Case Study: Investing.com Delivers Real-Time Finance Data Application to 11 Million Unique Monthly Visitors

By Gabriel Mizrahi CTO, Investing.com

About Investing.com

Investing.com is a global financial portal and internet brand composed of 30 editions in 22 languages and mobile apps for Android and iOS that provide news, analysis, streaming quotes and charts, technical data and financial tools about the global financial markets. Each edition covers a broad variety of local and global financial vehicles including Stocks, Bonds, Commodities, Currencies, Interest Rates, Futures, and Options.

Founded in 2007 but called ForexPros at that time, then rebranded to Investing.com in 2012, the site has a growing readership worldwide with more than 12 million monthly uniques and close to 400,000,000 monthly page views across the network. Today Investing.com is ranked 700 on Alexa.

Source: Investing.com site

Challenges

We used Apache Cassandra 2.1 to serve real-time data and charts on our site – a critical part of our offering. We had a three data center deployment using Apache Cassandra 2.1. The main issue was unpredictable latency spikes. GC (JVM Garbage Collection) pauses up to 6 minutes cause latency issues for the site and hurt user experience.

A lot of effort was put into JVM heap tuning, but no value combination seems to solve the issue.

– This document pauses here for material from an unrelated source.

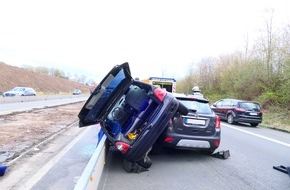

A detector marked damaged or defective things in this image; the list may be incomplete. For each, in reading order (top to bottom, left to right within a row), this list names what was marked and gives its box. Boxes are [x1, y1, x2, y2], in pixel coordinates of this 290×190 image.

crashed suv [78, 62, 188, 171]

With 11,600,000 Monthly Uniques visitors and 690,000 Daily Mobile visitors, any delay affects many users.

Solution

“When we heard of a Cassandra drop-in-replacement with much better latency and throughput we were skeptical. But eventually, we found out that everything claimed was completely true.”

– Gabriel Mizrahi, CTO, Investing.com

When we heard of a Apache Cassandra drop-in-replacement with much better latency and throughput we were skeptical. But eventually, we found out that everything claimed was completely true.

At first, we deployed a ScyllaDB 1.2 cluster working in parallel with the Cassandra solution. All our new data was written to both platforms. After realizing ScyllaDB was stable and could handle our intense writes, we migrated our historical data using some in-house scripts and tools.

During the following couple of weeks, we slowly moved our site’s components, one by one, to work with ScyllaDB, evaluating the result at each step – performance, latency, and stability.

Since ScyllaDB and Apache Cassandra share the same drivers, the code transition was pretty smooth.

Not only were the latency and GC issues completely gone, the improved latency and better HW utilization allowed us to shrink the cluster size by half!

The only reason we are keeping the old Apache Cassandra cluster is for Counters, and once ScyllaDB introduces them (planned for March 2017) we will fade out the Apache Cassandra cluster for good.